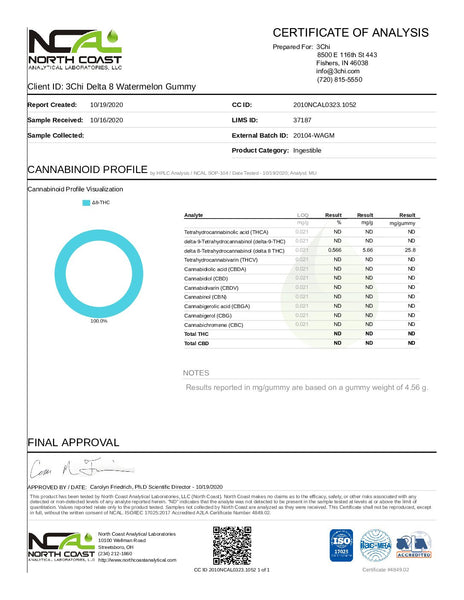 3Chi Delta-8 Gummies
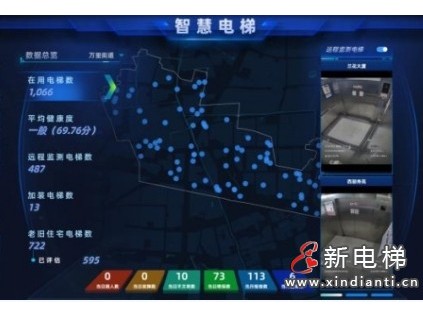 上海市萬里街道487臺住宅電梯接入智慧電梯平臺住宅電梯物聯網建設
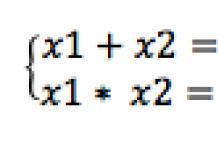 Quadratic Roots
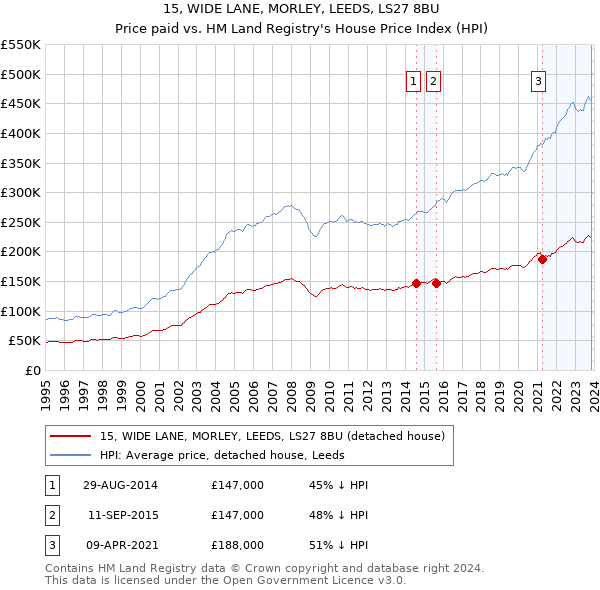 15, WIDE LANE, MORLEY, LEEDS, LS27 8BU: Price paid vs HM Land Registry's House Price Index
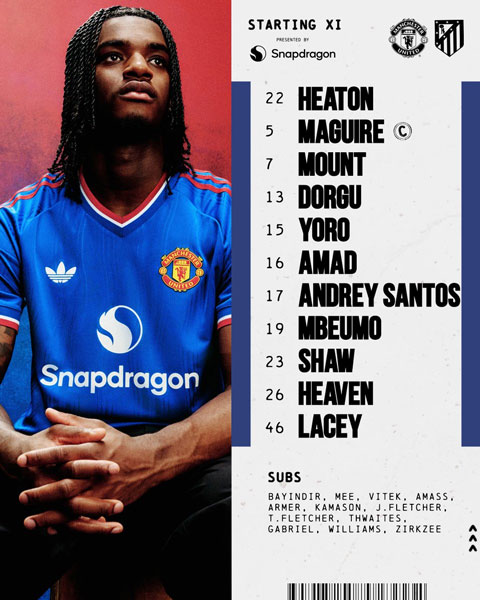 Ảnh: @ManUtd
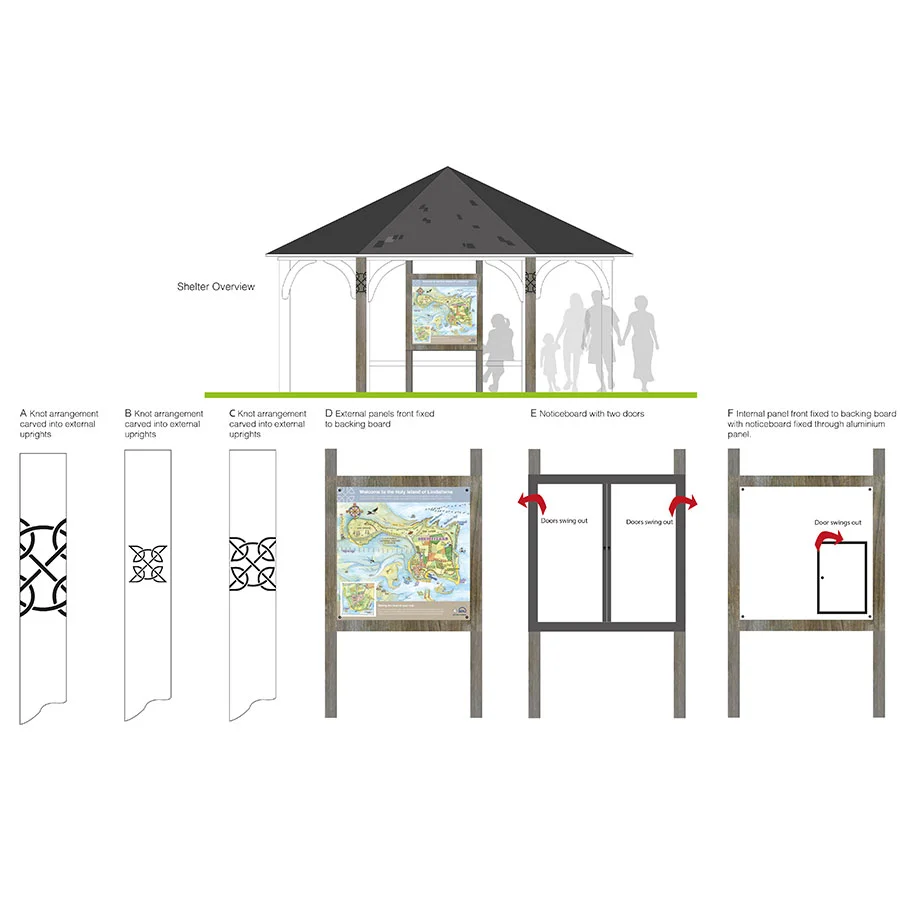 Chare-Ends-Interpretation-Shelter-Details.jpg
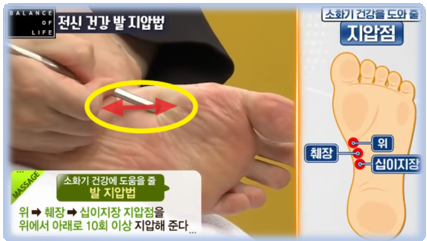 소화기 계통의 효과적인 지압법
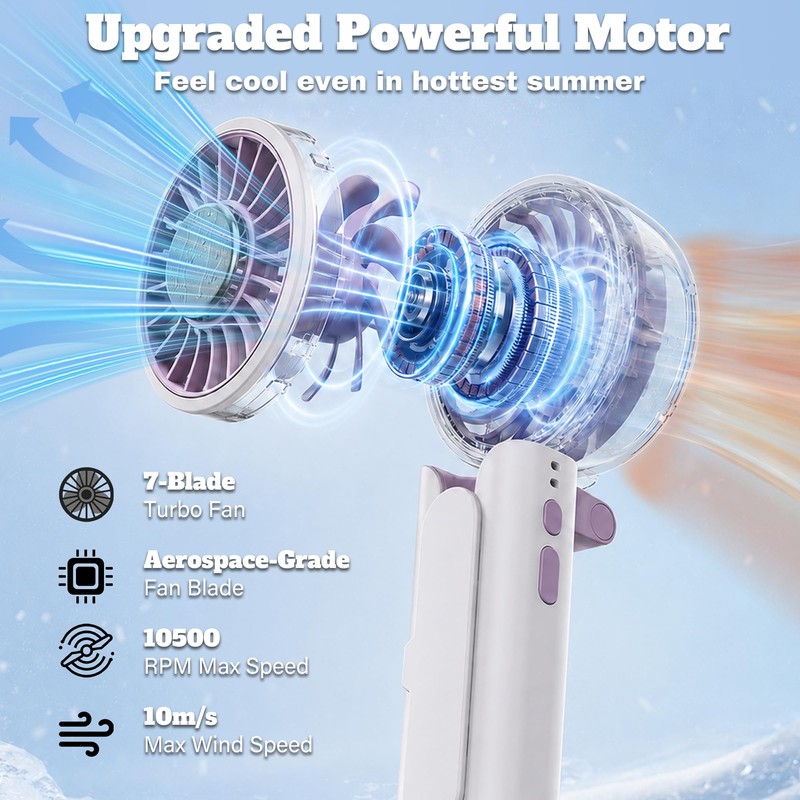 Handheld Portable Fan with Ice Cooling,Ice Cooling Umbrella Clip-on Fan,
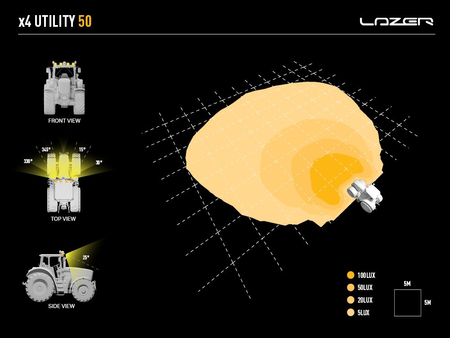 Lampa robocza LED Lazer Utility-50 (z funkcją czerwonego światła tylnego)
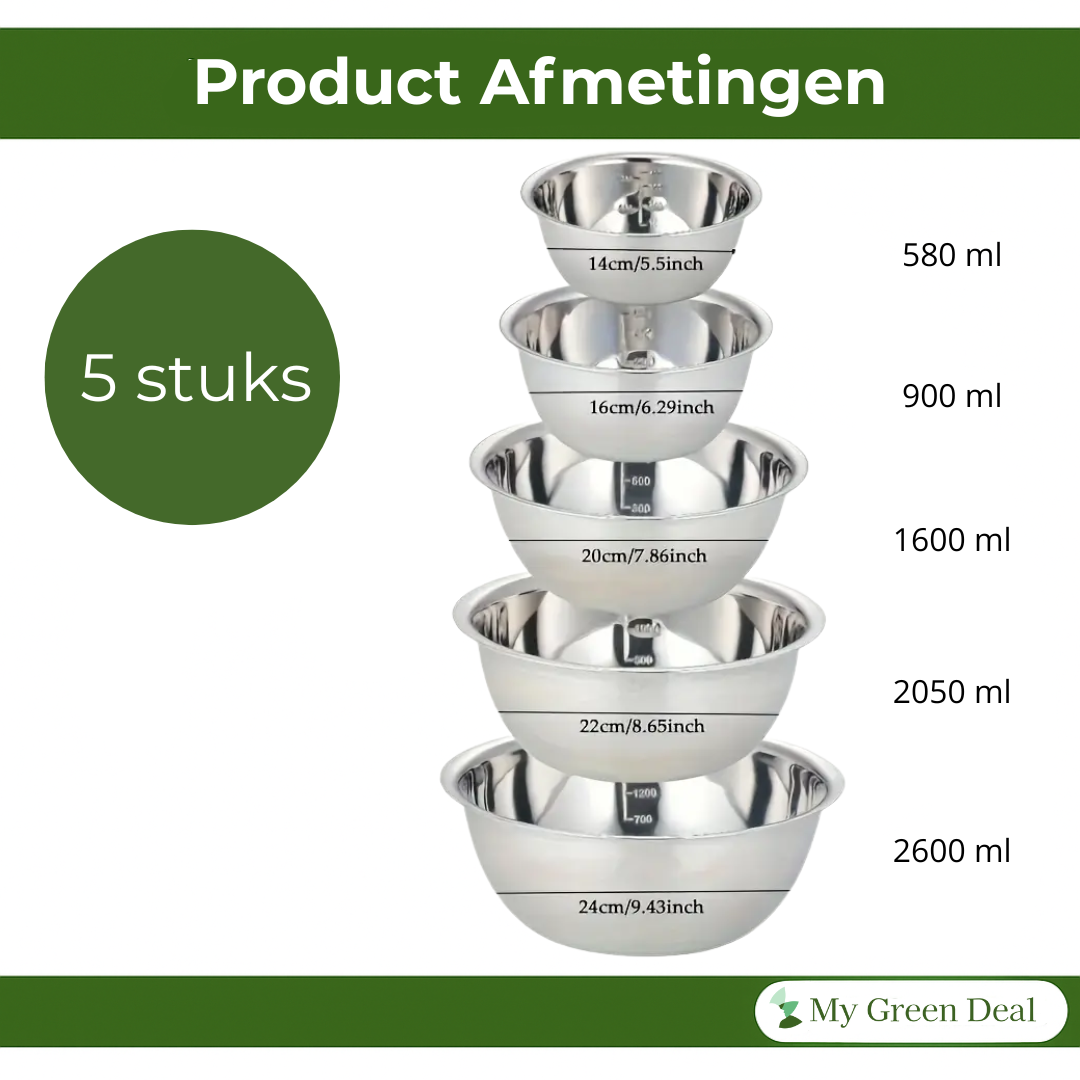 RVS Mengkommen Set – 5 stuks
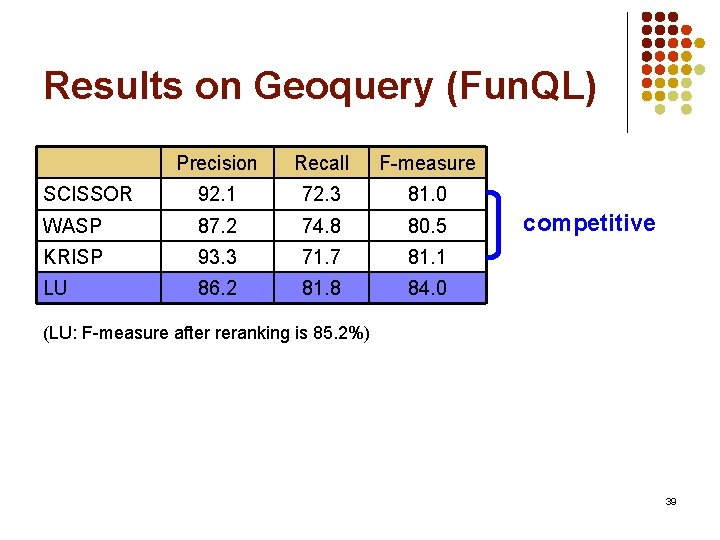 Results on Geoquery (Fun. QL) Precision Recall F-measure SCISSOR 92. 1 72. 3 81.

§ Description of the task: With the pictures removed, set down every line of the listing above exactly.

§ Completed exercise:
 3Chi Delta-8 Gummies
 上海市萬里街道487臺住宅電梯接入智慧電梯平臺住宅電梯物聯網建設
 Quadratic Roots
 15, WIDE LANE, MORLEY, LEEDS, LS27 8BU: Price paid vs HM Land Registry's House Price Index
 Ảnh: @ManUtd
 Chare-Ends-Interpretation-Shelter-Details.jpg
 소화기 계통의 효과적인 지압법
 Handheld Portable Fan with Ice Cooling,Ice Cooling Umbrella Clip-on Fan,
 Lampa robocza LED Lazer Utility-50 (z funkcją czerwonego światła tylnego)
 RVS Mengkommen Set – 5 stuks
 Results on Geoquery (Fun. QL) Precision Recall F-measure SCISSOR 92. 1 72. 3 81.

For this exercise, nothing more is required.